_What you have to do:_ From the first line below to the last, reproduce the material exactly and leave out the images.

*** Data provided

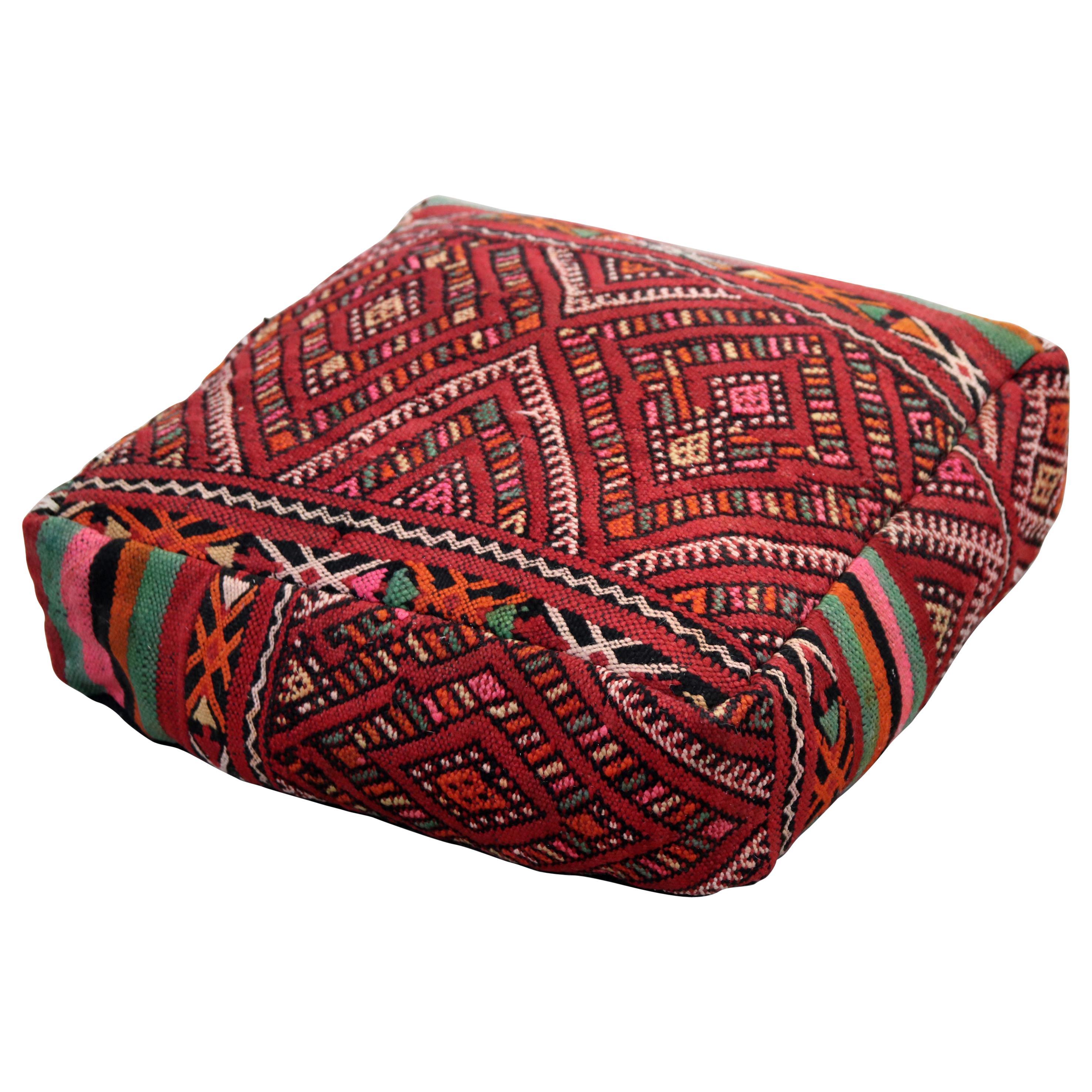 Vintage Moroccan pouf made from a Zemmour rug by Berber Tribe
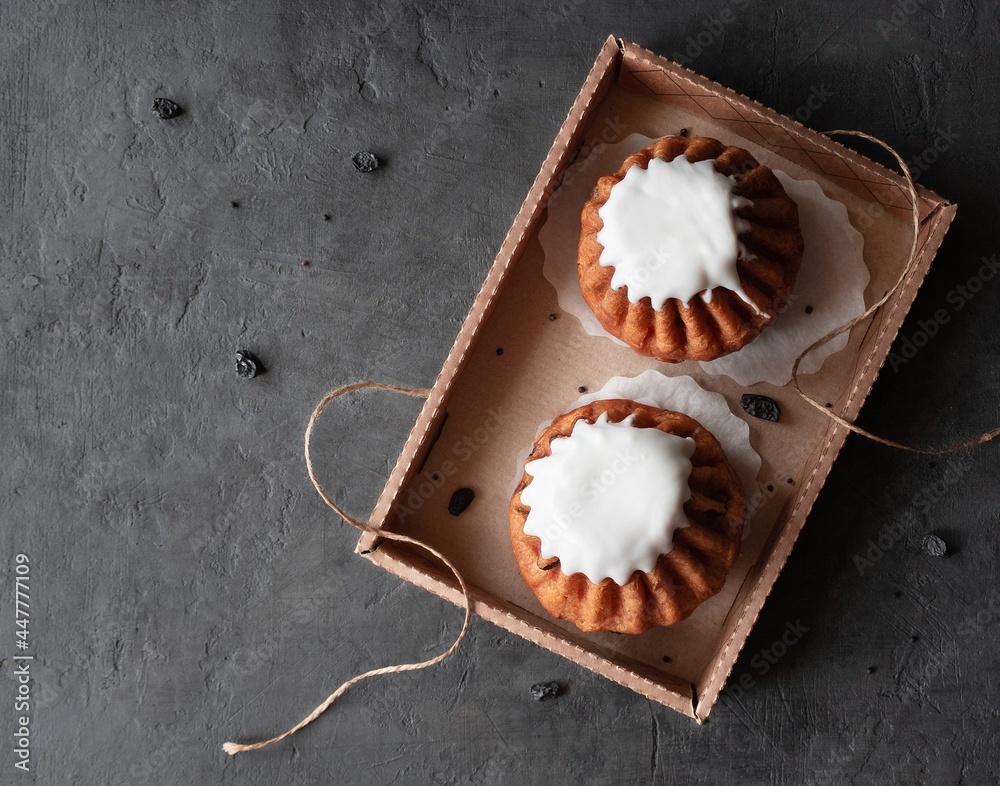 Rum baba cake. Two rum buns with raisins and white glaze in a box on a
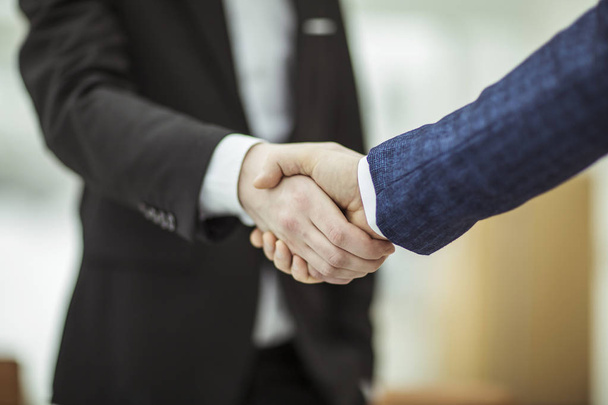 concept of a reliable partnership : a handshake of business partners - Fotó, kép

******

_Exercise response:_
 Vintage Moroccan pouf made from a Zemmour rug by Berber Tribe
 Rum baba cake. Two rum buns with raisins and white glaze in a box on a
 concept of a reliable partnership : a handshake of business partners - Fotó, kép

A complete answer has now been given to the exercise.